The Onondagas refused to part with any more land and were left with 7300 acre, which they still have possession of today.

===Later life===
Webster died on October 16, 1824, at age 62 of Typhoid fever at the Seneca Indian Reservation at Tonawanda, New York.

His will left all his possessions, including $2,000 worth of personal property, a large fortune for that time, to his second wife, Hannah and to their children despite the Onondagas belief that the land should naturally return to them. Some members of the family lived on the 300 acre, later called the "Half-Mile" until the late 19th century. He left nothing in his will to his son Harry Webster.

After Webster's wife died, his son Harry Webster filed a suit in April, 1837 against Webster's family for some of the land inherited by his white half-siblings, however, he did not win.

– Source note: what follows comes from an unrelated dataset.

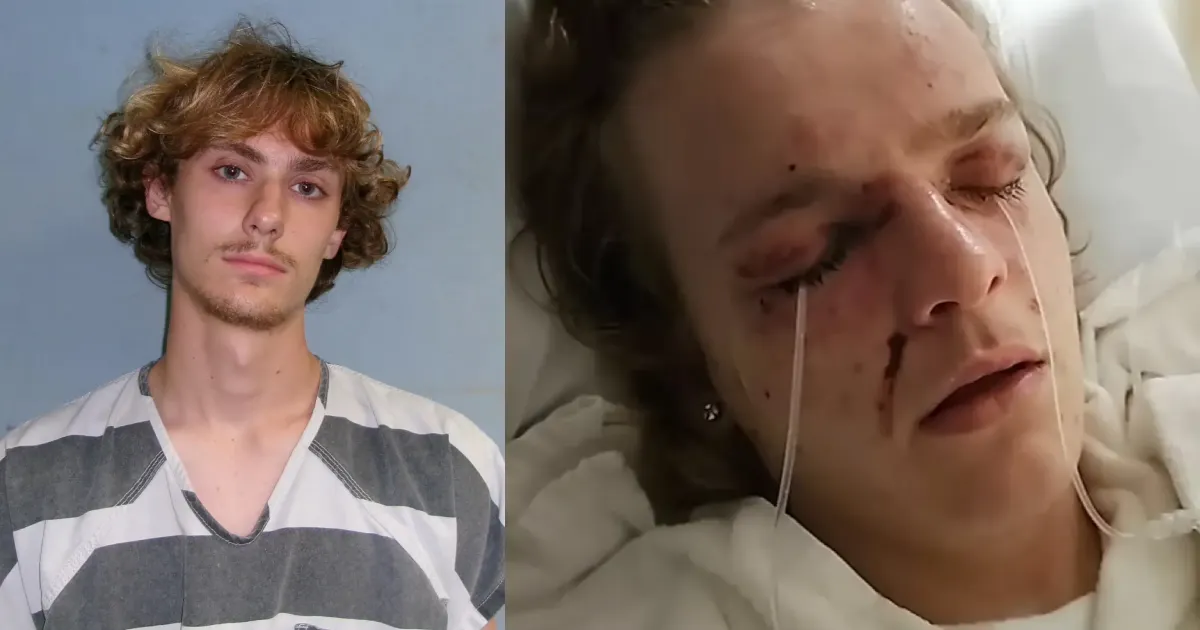 Autistic Texas teen facing blindness after ‘friend’ hurls de-clogger in his eyes: police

Harry Webster went on to become the Iroquois Confederacy's spiritual leader before he died on January 28, 1864, at the age of 75 at Onondaga Castle.

===Familial ties disputed===

Harry's relation to Ephraim Webster was the subject of debate several for years. In a letter to the Syracuse Herald in 1899, Orris D. Webster, one of Webster's descendants, insisted Ephraim Webster never fathered any Onondaga children and claimed that Harry Webster had filed a "bogus lawsuit"

A lawsuit was filed and the trial began during which time, with Orris Webster not winning the lawsuit and later writing "they were beaten, lost their money and their case."

===Legacy===
Webster's Pond in Syracuse, New York, was named after him.